Die Wahl der Form und Gestaltung des Gebets wird besonders von zwei Komponenten bestimmt: dem Inhalt einerseits und den speziellen Bedürfnissen von Kindern andererseits. Letzteres meint vor allem: Besonders bei Gebeten mit und für Kinder solltet ihr darauf achten, dass es genügend Abwechslung gibt, die Sprache und Inhalte für Kinder verständlich sind und die Kinder die Möglichkeit haben, sich aktiv zu beteiligen. Einige Anregungen dazu:

  • passende, für Kinder verständliche Bibelstellen auswählen (Kinderbibel verwenden)
  • optische Aufhänger zu Hilfe nehmen (Bilder, Gegenstände, Symbole)
  • Texte mit verteilten Rollen vorlesen, frei erzählen oder in einem Rollenspiel darstellen
  • Texte mit Handpuppen darstellen, Kinder in Rollen schlüpfen lassen
  • gemeinsam gesungene Lieder, Musik als Hintergrund zum Nachdenken
  • eine Geschichte, z.B. aus einem Bilderbuch, vorlesen
  • ein gemeinsamer Tanz
  • auch einmal ein Zettel mit einem kurzen Text, der auf das Bett gelegt wird
  • auch einmal ein Spaziergang mit Pausen, in denen Geschichten vorgelesen usw. werden

Währenddessen muss es immer auch Gelegenheit gegen, dass die Kinder selbst ihre Bitten, Anliegen, Meinungen, Gefühle und spontanen Reaktionen einbringen können. Die aktive Beteiligung der Kinder kann dadurch unterstützt werden, dass die Kinder eingeladen werden, eigene Erlebnisse zu erzählen, sich zu einer Geschichte zu äußeren, Besonderheiten einer Situation herauszufinden usw.

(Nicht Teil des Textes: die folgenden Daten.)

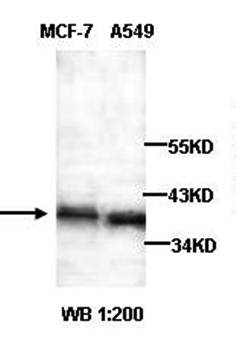 ARFIP2 Rabbit Polyclonal Antibody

Das wird freilich nur möglich sein, wenn eine Atmosphäre besteht, in der niemand zu einer Äußerung gezwungen wird, aber auch gewährleistet ist, dass niemand ausgelacht wird, der/die seine/ihre Gedanken ausdrückt.
Wenn verschiedene Gruppenleiter/innen die Gebete gestalten, haben die Kinder die Möglichkeit, auch unterschiedliche Herangehensweisen und Ausdrucksformen zu erleben. Dabei geht es nicht darum, einander in der Gestaltung der Gebete zu „übertrumpfen“, sondern darum, dass jede/r Gruppenleiter/in seine/ihre persönlichen Erfahrungen und seine/ihre Persönlichkeit hineinbringen kann.

Was nicht zum Gebet gehört

Das Gebet darf keine Form der Konfliktlösung sein. Gebete dürfen nicht als „Erziehungsmittel“ missbraucht werden, indem ein/e Gruppenleiter/in seine/ihre Autorität benützt, um den Kindern mitzuteilen, wie sie sich verhalten sollen. Dass wir im Gebet etwa für das Schöne eines Tages danken und uns die Erlebnisse eines Tages noch mal vergegenwärtigen, darf nicht dazu führen, dass das Gebet als moralisierende Nachbesprechung verwendet wird.
Konflikte, die am Lager auftreten, haben einen anderen Platz: Sie müssen möglichst unmittelbar und mit allen tatsächlich daran Beteiligten besprochen und gelöst werden.